(Records from a data collection)
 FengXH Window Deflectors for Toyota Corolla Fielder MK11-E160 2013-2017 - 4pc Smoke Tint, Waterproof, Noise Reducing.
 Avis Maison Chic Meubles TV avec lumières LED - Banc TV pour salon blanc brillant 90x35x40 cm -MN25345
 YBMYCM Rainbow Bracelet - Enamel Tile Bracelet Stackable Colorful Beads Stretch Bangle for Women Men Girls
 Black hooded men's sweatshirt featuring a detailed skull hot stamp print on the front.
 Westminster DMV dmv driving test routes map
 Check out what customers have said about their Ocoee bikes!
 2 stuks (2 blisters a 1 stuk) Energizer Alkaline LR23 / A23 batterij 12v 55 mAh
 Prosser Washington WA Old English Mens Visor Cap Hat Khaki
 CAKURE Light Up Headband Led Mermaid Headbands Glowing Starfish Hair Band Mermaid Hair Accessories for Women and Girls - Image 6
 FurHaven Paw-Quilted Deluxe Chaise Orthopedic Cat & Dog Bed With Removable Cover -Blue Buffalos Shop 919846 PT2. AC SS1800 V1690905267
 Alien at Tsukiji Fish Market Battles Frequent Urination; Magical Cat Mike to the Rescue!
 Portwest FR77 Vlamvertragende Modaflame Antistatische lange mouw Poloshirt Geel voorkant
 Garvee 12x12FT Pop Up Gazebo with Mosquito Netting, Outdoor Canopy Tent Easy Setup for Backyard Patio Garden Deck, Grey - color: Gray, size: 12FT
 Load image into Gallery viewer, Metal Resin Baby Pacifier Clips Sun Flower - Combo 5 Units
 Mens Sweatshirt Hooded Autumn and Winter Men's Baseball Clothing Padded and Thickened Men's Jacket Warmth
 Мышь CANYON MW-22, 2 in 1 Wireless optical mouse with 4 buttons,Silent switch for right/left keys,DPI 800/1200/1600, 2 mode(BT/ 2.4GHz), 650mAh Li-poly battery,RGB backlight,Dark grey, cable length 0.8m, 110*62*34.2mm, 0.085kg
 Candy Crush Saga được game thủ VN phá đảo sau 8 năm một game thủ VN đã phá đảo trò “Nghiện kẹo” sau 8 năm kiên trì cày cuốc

- [Problem description] In the entries above, find the line holding "Black hooded men's" and the line holding "Garvee 12x12FT Pop", then retype exactly those two lines and every line between them, and nothing else.

- [Completed exercise]
 Black hooded men's sweatshirt featuring a detailed skull hot stamp print on the front.
 Westminster DMV dmv driving test routes map
 Check out what customers have said about their Ocoee bikes!
 2 stuks (2 blisters a 1 stuk) Energizer Alkaline LR23 / A23 batterij 12v 55 mAh
 Prosser Washington WA Old English Mens Visor Cap Hat Khaki
 CAKURE Light Up Headband Led Mermaid Headbands Glowing Starfish Hair Band Mermaid Hair Accessories for Women and Girls - Image 6
 FurHaven Paw-Quilted Deluxe Chaise Orthopedic Cat & Dog Bed With Removable Cover -Blue Buffalos Shop 919846 PT2. AC SS1800 V1690905267
 Alien at Tsukiji Fish Market Battles Frequent Urination; Magical Cat Mike to the Rescue!
 Portwest FR77 Vlamvertragende Modaflame Antistatische lange mouw Poloshirt Geel voorkant
 Garvee 12x12FT Pop Up Gazebo with Mosquito Netting, Outdoor Canopy Tent Easy Setup for Backyard Patio Garden Deck, Grey - color: Gray, size: 12FT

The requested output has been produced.